= What is being asked =
Once you find the line with "Battery for Artex" in the listing below, set down exactly every line from it through the line with "三菱ふそうファイタークレーン5段中型（4t）[写真06]", but no pictures.

= Data excerpts =
--- --- ---

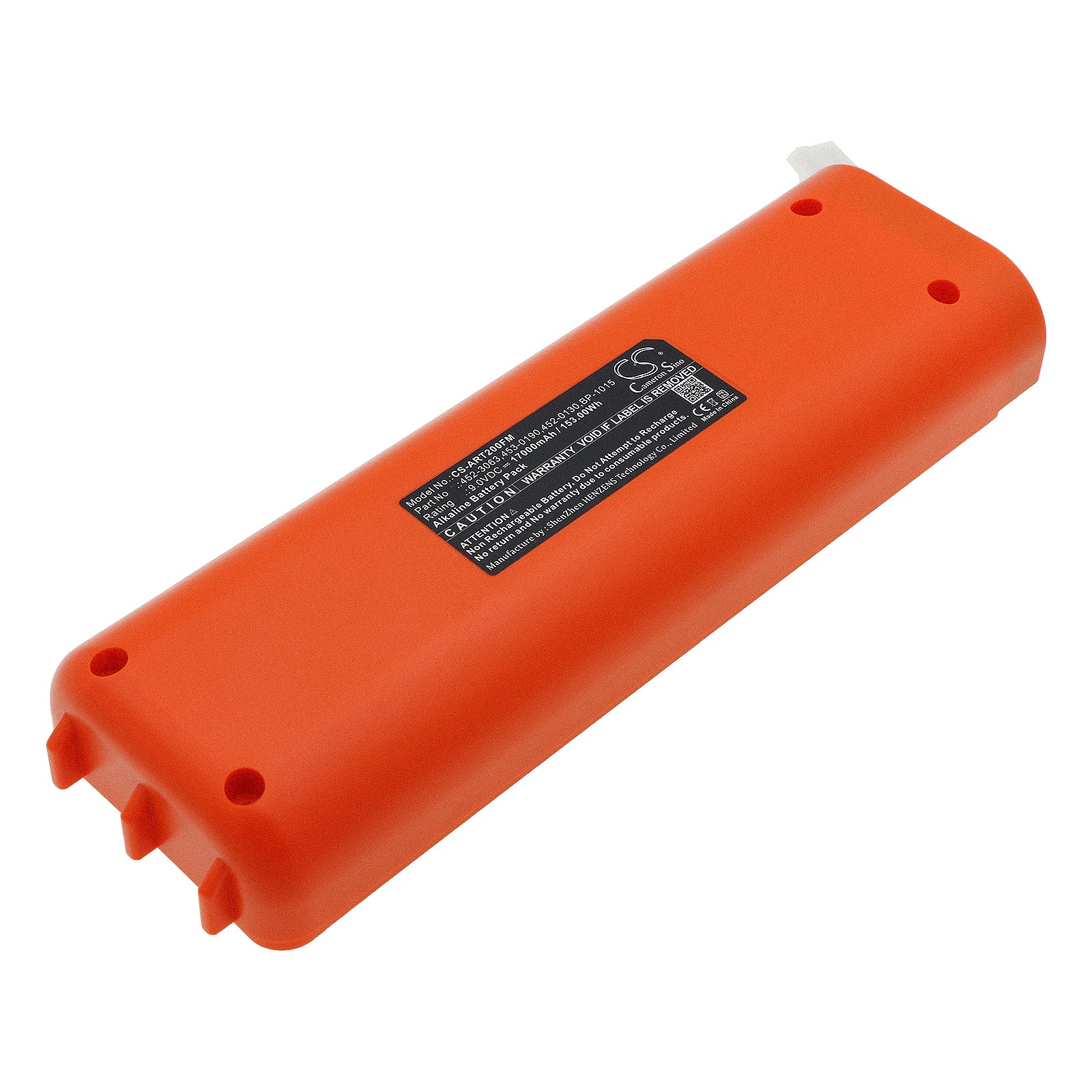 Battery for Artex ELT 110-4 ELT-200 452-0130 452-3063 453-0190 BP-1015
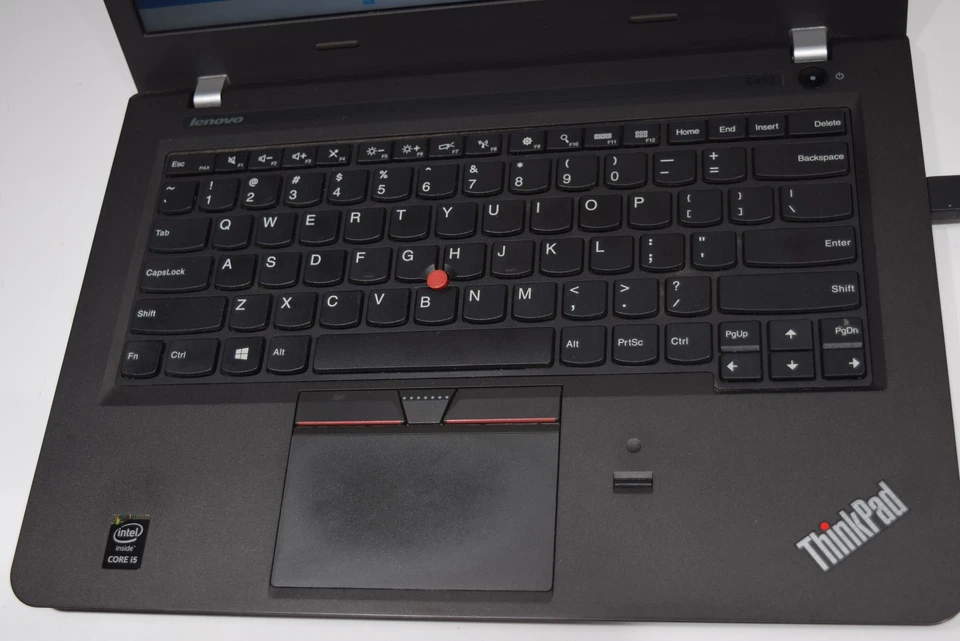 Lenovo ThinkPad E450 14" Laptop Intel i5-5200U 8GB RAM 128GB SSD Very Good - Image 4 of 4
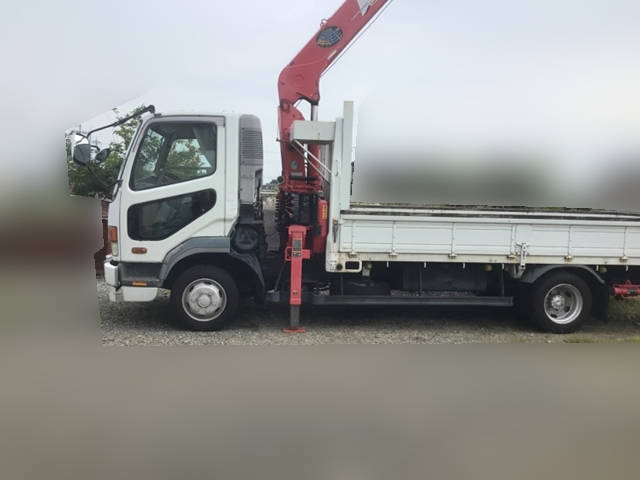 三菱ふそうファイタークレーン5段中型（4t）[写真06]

--- --- ---

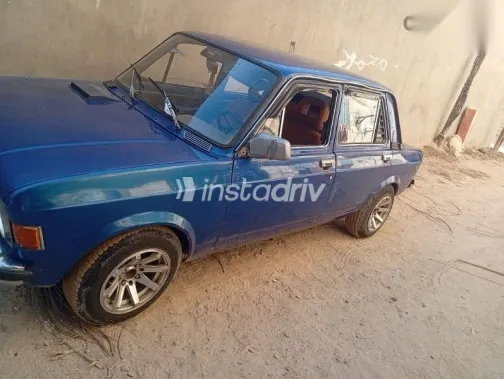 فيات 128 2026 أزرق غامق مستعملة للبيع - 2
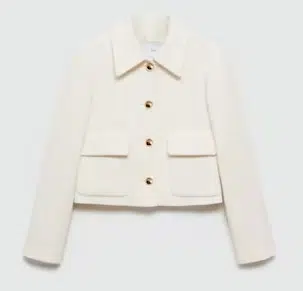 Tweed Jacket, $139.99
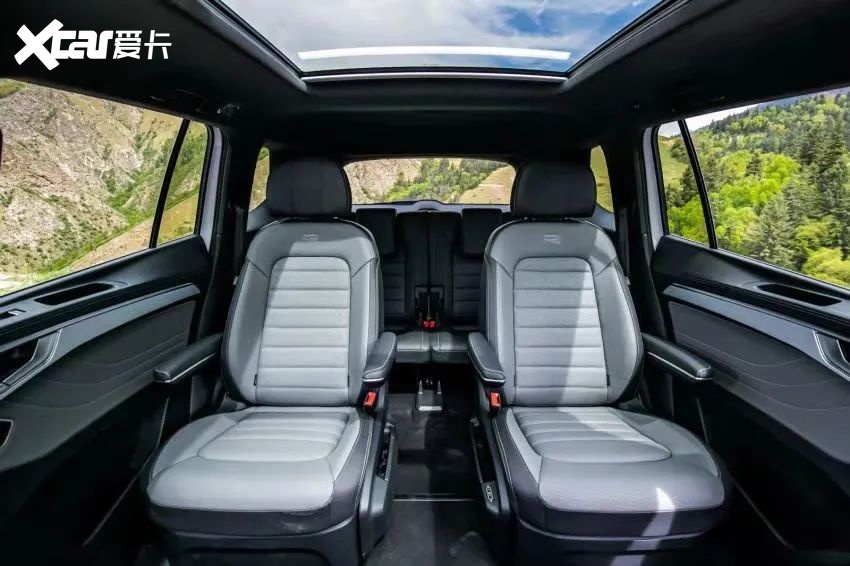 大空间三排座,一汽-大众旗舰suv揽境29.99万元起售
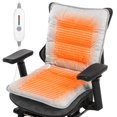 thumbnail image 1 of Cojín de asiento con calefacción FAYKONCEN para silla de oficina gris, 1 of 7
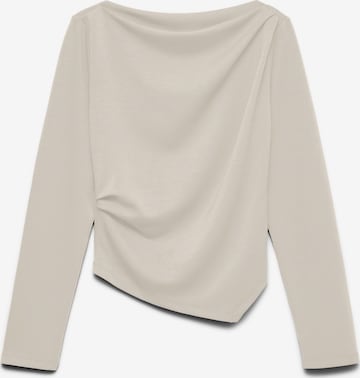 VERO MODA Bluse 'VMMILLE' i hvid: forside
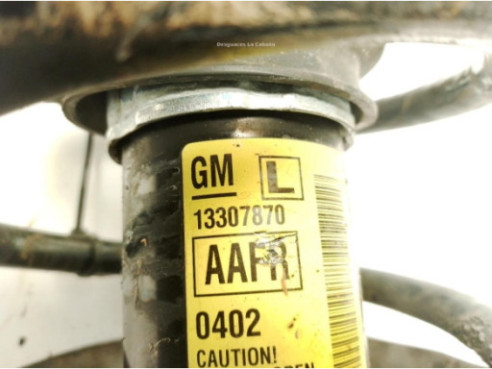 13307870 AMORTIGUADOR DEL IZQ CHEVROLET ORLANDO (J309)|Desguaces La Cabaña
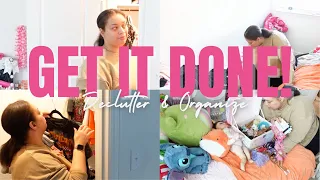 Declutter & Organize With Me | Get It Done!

--- --- ---

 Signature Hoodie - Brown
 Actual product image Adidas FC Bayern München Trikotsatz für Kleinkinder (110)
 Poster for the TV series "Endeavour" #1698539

--- --- ---

= Output of the task =
 Battery for Artex ELT 110-4 ELT-200 452-0130 452-3063 453-0190 BP-1015
 Lenovo ThinkPad E450 14" Laptop Intel i5-5200U 8GB RAM 128GB SSD Very Good - Image 4 of 4
 三菱ふそうファイタークレーン5段中型（4t）[写真06]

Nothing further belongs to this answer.